Positively Palm Springs

We are just back from three sunny, margarita-and-architecture-filled days in Palm Springs. This small desert city was barely a mirage until the arrival of Liberace, Frank Sinatra (you can rent his house for $1,900 a night), and air-conditioning helped make it a popular resort in the 1950s. But the clear warm desert air (and wealthy patrons) seemed to lend itself to visionary modern architecture. And so its residential side streets were soon dotted with luxurious domestic masterpieces by Richard Neutra, Albert Frey, John Lautner, E. Stewart Williams, and others. This influence—or perhaps it was just the spirit of the 1950s and ’60s—made modernism the predominant house style (I want one) for the city at least until Taco Bell replicas supplanted it in the 1980s.

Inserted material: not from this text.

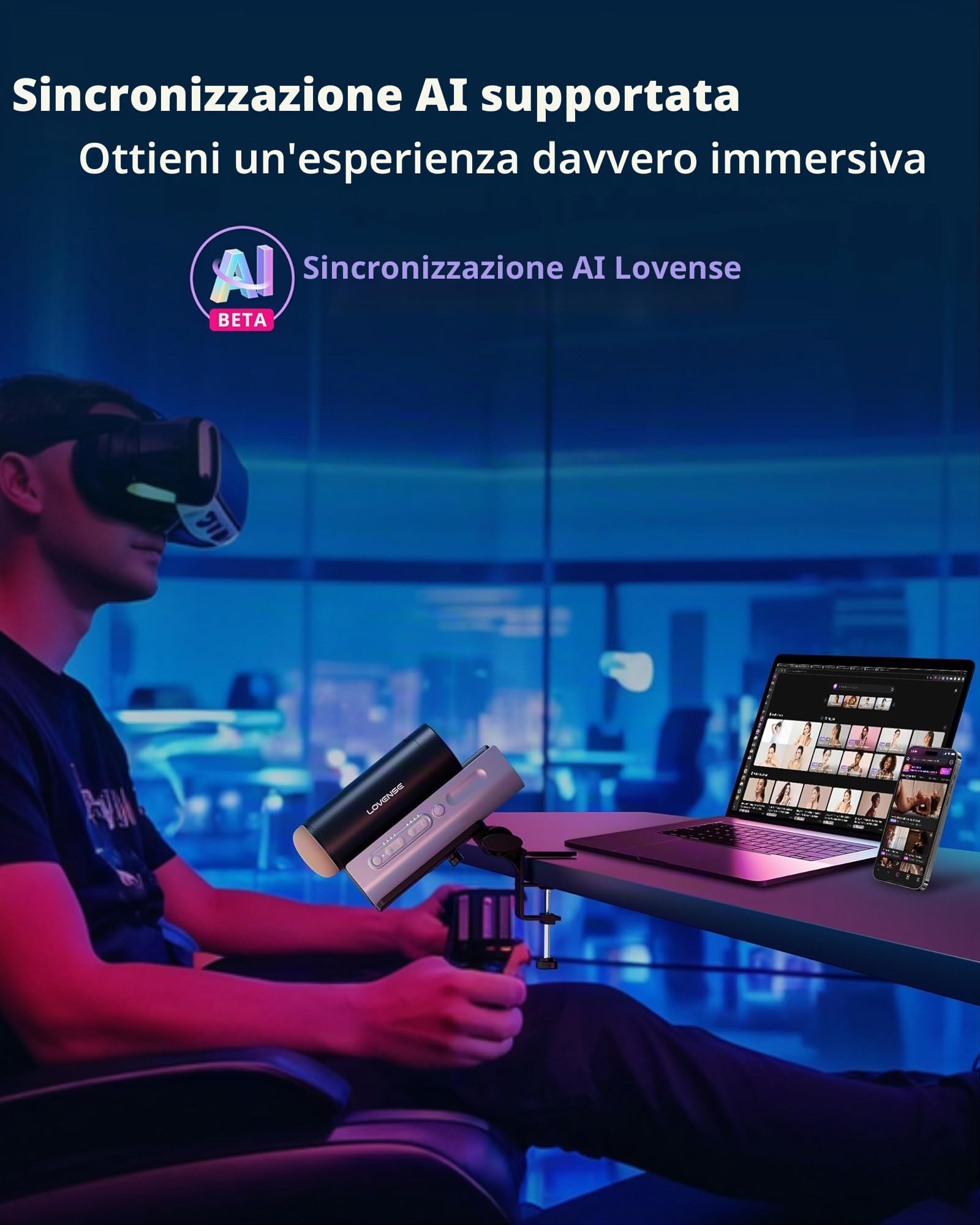 Lovense Solace Pro Automatischer Masturbator für Männer, per App ferngesteuerte Blowjob Taschenmuschi Penis Masturbatoren und immersivem KI/VR-Erlebnis, Sex Spielzeug für die Männer Paarem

But now midcentury modernism has made a furious comeback, at least as a symbol (or cult?) of the city, and it is celebrated every year at Palm Springs Modernism Week. The fifth annual gathering just ended, and it was a huge success, according to Jacques Caussin, chair of the event, who says that in Palm Springs, “The appetite for anything modern, whether architecture or design, is insatiable.”

In addition to tours of midcentury masterpieces, the week featured a gathering of vintage Airstream trailers (I want one of these too), and the Palm Springs Art Museum opened  Between Earth and Heaven: The Architecture of John Lautner, an exhibition on the California architect’s career that previously wowed critics at the Hammer Museum in Los Angeles. Curated by Frank Escher, the administrator of the Lautner Archives, and Nicholas Ohlsberg, the show is a revelation. Beautifully installed with eye-level drawings on wooden plinths, the exhibit also includes large models meant to allow heads to enter; you peer out to see videotapes of the houses’ actual views.

The exhibit (and its excellent accompanying Rizzoli catalogue) begins with Lautner’s early Wisconsin Log Cabin, and moves on to his internship with Frank Lloyd Wright and earliest experimental houses, persuasively making a case for the architect’s unique brilliance as a residential and commercial designer. The exhibit is on view through May 23.